I have spent over a decade consciously trying to figure out why my mood suddenly plummets in these emotional crashes that keep.
This weekend when talking about my latest crash with my wife, S, we started zooming in on sensory processing as a candidate. Where I saw myself as an insufferable selfish brat who'd throw a tantrum when I didn't get what I wanted (no mustard on our salmon in this case), she thought it was a pretty obvious case of my being vastly overloaded by the Christmas market crowd around us and then triggered to a meltdown by this one thing going astray.
...
So, sensory overload?
I know it can be a problem for me - going to the Las Vegas strip was awful.

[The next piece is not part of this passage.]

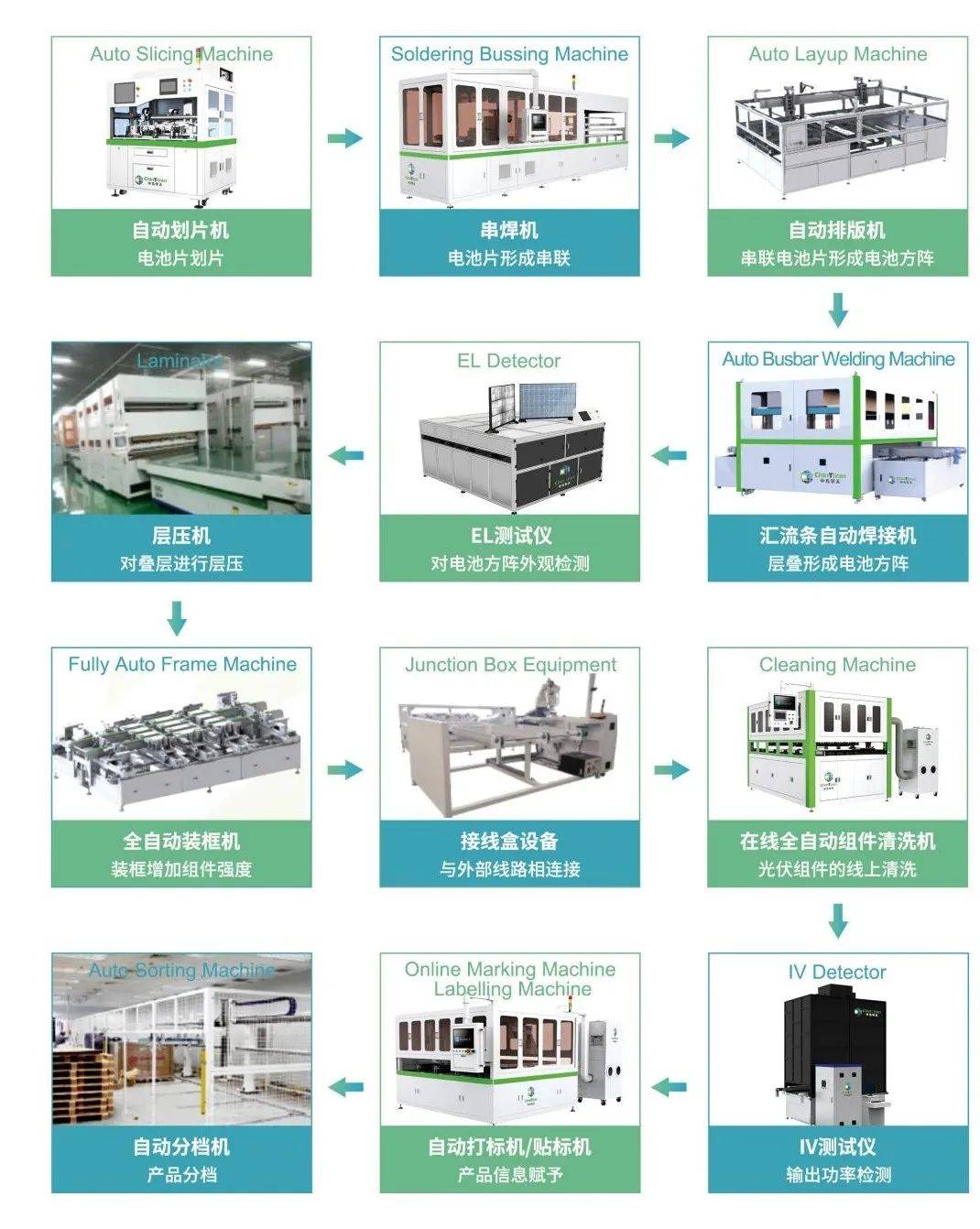 光伏硅片生产流程图片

I also remembered reading a fair bit from the autism community about meltdown vs tantrums.
Now that the idea of thinking of myself in these terms has shown up, it starts resonating. Not only that, but it is concrete, it is actionable, and it hints at a possibility of removing the self-shaming inherent in thinking of my crashes as tantrums (and therefore egotistical etc etc).
So today I've actually managed several times to
1. Identify emotional instability
2. REMOVE MYSELF before I crash
3. Not crash.
Sure, I still feel emotional and exhausted and on edge. But I HAVE NOT crashed out.
...
Maybe there is something to this.
Maybe I can actually derive strategies and stability improvements from this.